** PROVIDED RECORDS follows **

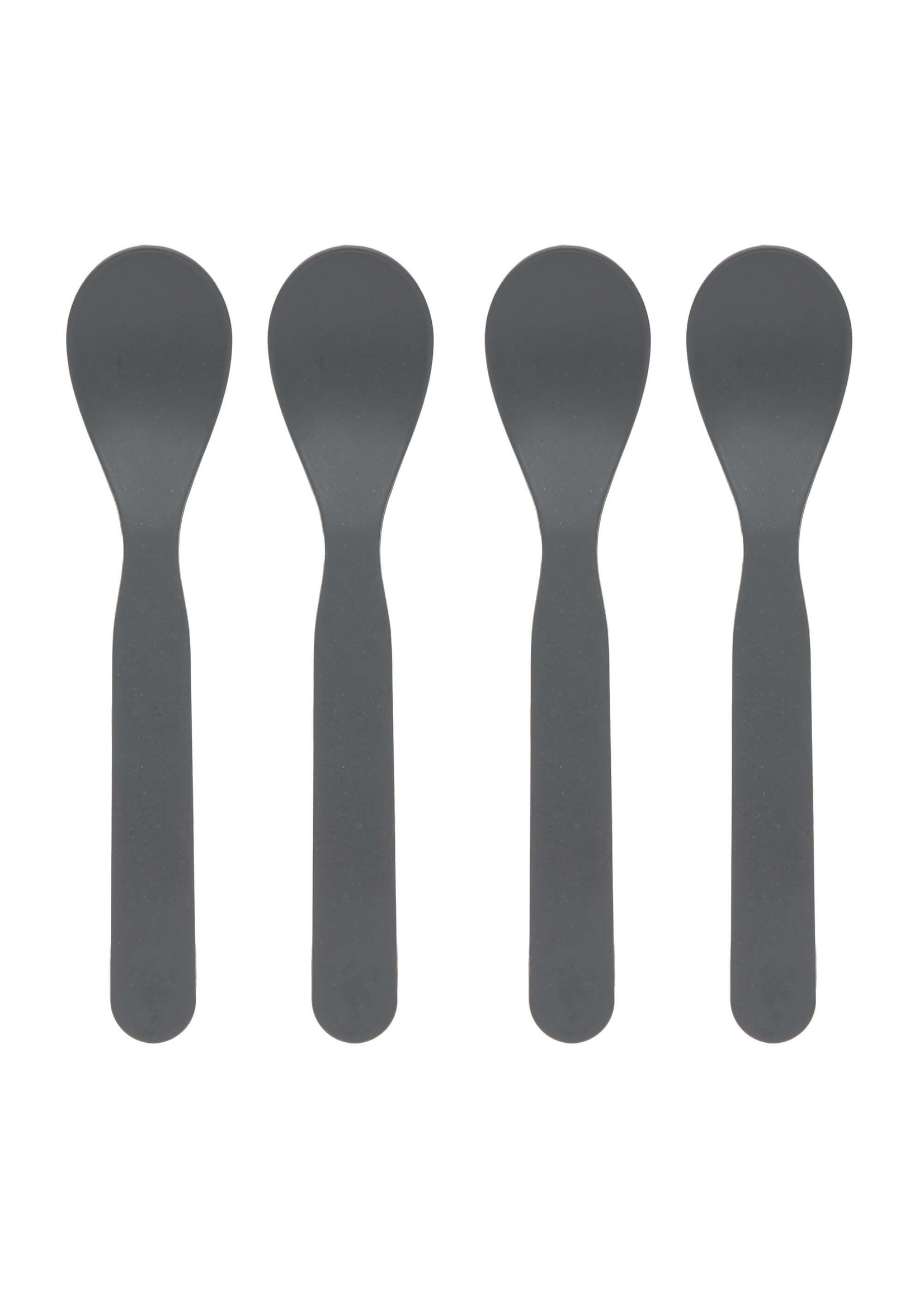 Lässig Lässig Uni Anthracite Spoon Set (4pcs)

** End of PROVIDED RECORDS **
** PROVIDED RECORDS follows **

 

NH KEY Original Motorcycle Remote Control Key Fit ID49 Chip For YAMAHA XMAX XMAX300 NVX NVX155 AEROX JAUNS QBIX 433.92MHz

** End of PROVIDED RECORDS **
** PROVIDED RECORDS follows **

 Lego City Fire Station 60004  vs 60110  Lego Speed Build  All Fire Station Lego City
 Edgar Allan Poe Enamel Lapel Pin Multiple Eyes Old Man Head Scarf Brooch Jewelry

** End of PROVIDED RECORDS **

* **TASK GOAL**
Whatever else the listing above holds, retype exactly only the lines from the one containing "Lego City Fire" to the one containing "Edgar Allan Poe", both ends kept.

* **FINISHED EXERCISE**
 Lego City Fire Station 60004  vs 60110  Lego Speed Build  All Fire Station Lego City
 Edgar Allan Poe Enamel Lapel Pin Multiple Eyes Old Man Head Scarf Brooch Jewelry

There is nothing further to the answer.